Section: New Results

Dynamic Languages: Language Constructs for Modular Design

Dynamic Software Update from Development to Production. Dynamic Software Update (DSU) solutions update applications while they are executing. These solutions are typically used in production to minimize application downtime, or in integrated development environments to provide live programming support. Each of these scenarios presents different challenges, forcing existing solutions to be designed with only one of these use cases in mind. For example, DSUs for live programming typically do not implement safe point detection or instance migration, while production DSUs require manual generation of patches and lack IDE integration. Also, these solutions have limited ability to update themselves or the language core libraries, and some of them present execution penalties outside the update window. We propose a DSU (gDSU) that works for both live programming and production environments. Our solution implements safe update point detection using call stack manipulation and a reusable instance migration mechanism to minimize manual intervention in patch generation. Moreover, it also offers updates of core language libraries and the update mechanism itself. This is achieved by the incremental copy of the modified objects and an atomic commit operation. We show that our solution does not affect the global performance of the application and it presents only a run-time penalty during the update window. Our solution is able to apply an update impacting 100,000 instances in 1 second. In this 1 second, only during 250 milliseconds the application is not responsive. The rest of the time the application runs normally while gDSU is looking for the safe update point. The update only requires to copy the elements that are modified. [6]

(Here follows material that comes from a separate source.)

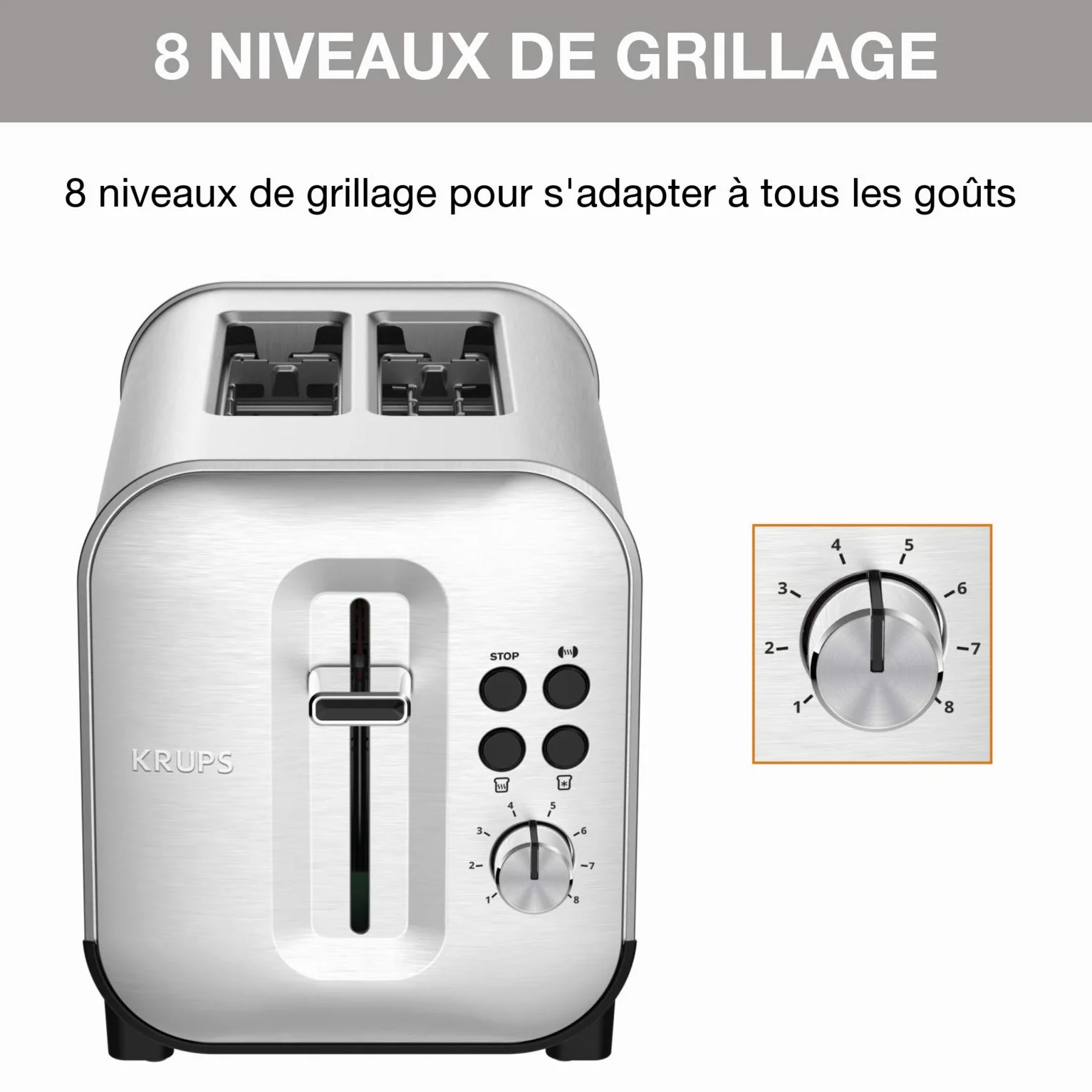 Krups Grille-pain 2 fentes larges, Inox brossé premium, 8 réglages température, Remontée extra-haute, Tiroir ramasse-miettes, Excellence KH682D10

Implementing Modular Class-based Reuse Mechanisms on Top of a Single Inheritance VM. Code reuse is a good strategy to avoid code duplication and speed up software development. Existing object-oriented programming languages propose different ways of combining existing and new code such as e.g., single inheritance, multiple inheritance, Traits or Mixins. All these mechanisms present advantages and disadvantages and there are situations that require the use of one over the other. To avoid the complexity of implementing a virtual machine (VM), many of these mechanisms are often implemented on top of an existing high-performance VM, originally meant to run a single inheritance object-oriented language. These implementations require thus a mapping between the programming model they propose and the execution model provided by the VM. Moreover, reuse mechanisms are not usually composable, nor it is easy to implement new ones for a given language. We propose a modular meta-level runtime architecture to implement and combine different code reuse mechanisms. This architecture supports dynamic combination of several mechanisms without affecting runtime performance in a single inheritance object-oriented VM. It includes moreover a reflective Meta-Object Protocol to query and modify classes using the programming logical model instead of the underlying low-level runtime model. Thanks to this architecture, we implemented Stateful Traits, Mixins, CLOS multiple inheritance, CLOS Standard Method Combinations and Beta prefixing in a modular and composable way. [15]